La journée qui a duré neuf heures avait commencé par un discours d'adieux du chef de l'Etat sortant aux parlementaires. M. Havel, qui voulait «croire que son successeur serait élu lors de la première élection présidentielle», a annoncé qu'il «ne quittait pas complètement la vie publique» même s'il «s'était prescrit d'observer, surtout les premiers temps, une certaine réserve». Une fois de plus, le président n'a pas été entendu par les députés qui, tout au long de ses mandats, avaient l'habitude de passer outre ses vetos sur des lois qu'automatiquement le Conseil constitutionnel censurait ou corrigeait.

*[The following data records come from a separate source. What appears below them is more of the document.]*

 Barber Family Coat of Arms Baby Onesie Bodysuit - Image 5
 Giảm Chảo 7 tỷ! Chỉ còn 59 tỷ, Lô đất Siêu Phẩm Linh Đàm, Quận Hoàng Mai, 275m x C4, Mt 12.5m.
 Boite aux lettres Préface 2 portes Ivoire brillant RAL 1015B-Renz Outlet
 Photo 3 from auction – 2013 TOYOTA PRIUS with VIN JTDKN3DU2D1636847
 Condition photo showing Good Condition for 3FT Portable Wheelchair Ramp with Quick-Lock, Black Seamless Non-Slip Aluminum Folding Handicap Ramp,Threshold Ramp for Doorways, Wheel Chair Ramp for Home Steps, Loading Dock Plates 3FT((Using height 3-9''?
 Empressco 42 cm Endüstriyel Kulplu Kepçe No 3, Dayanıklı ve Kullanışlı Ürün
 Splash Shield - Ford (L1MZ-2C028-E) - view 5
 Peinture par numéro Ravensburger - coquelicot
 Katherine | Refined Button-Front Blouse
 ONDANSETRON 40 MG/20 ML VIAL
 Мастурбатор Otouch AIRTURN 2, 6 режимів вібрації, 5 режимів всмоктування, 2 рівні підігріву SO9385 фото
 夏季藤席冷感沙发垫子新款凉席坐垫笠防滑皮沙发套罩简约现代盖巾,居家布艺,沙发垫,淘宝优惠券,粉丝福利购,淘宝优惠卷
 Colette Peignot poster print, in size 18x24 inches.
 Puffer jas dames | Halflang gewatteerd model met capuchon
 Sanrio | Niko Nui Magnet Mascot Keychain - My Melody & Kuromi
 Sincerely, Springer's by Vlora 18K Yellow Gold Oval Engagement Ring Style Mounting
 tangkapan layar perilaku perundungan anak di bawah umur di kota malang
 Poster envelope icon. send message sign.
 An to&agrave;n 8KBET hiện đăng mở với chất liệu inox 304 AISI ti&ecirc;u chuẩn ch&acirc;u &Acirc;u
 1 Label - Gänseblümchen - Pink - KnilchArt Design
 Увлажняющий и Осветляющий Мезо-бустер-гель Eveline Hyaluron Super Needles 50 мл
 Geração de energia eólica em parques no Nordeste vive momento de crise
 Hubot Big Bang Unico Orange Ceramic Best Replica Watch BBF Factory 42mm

Au premier tour, l'insignifiant candidat social-démocrate Jaroslav Bures, ex-ministre de la Justice du gouvernement du social-démocrate Milos Zeman, a essuyé une humiliante gifle de ceux-là même qui l'avaient nominé. Il a obtenu à peine plus de la moitié des voix du groupe parlementaire du CSSD, terminant dernier, derrière le candidat communiste, l'ex-procureur militaire et avocat Miroslav Krizinecky. Arrivés en tête à la Chambre des députés, M. Klaus et M. Pithart, vainqueurs au Sénat, se sont retrouvés au second tour où ni l'un ni l'autre n'a obtenu la majorité des voix dans chaque chambre.

Fidèles à leur promesse, les élus communistes se sont abstenus lors des deux derniers tours. L'échec de l'élection incombe aux sociaux-démocrates, profondément divisés sur l'attitude à suivre, au grand dam du chef de gouvernement qui a appelé à voter pour M. Pithart. Une partie du CSSD, proche de l'ancien premier ministre qui a pris sa retraite en juin dernier, entendait provoquer à tout prix une deuxième élection présidentielle à laquelle M. Zeman a annoncé qu'il «pourrait participer». La manœuvre qui permettra un duel Klaus-Zeman lors du prochain scrutin devrait toutefois s'achever sur le même résultat que mercredi: un échec.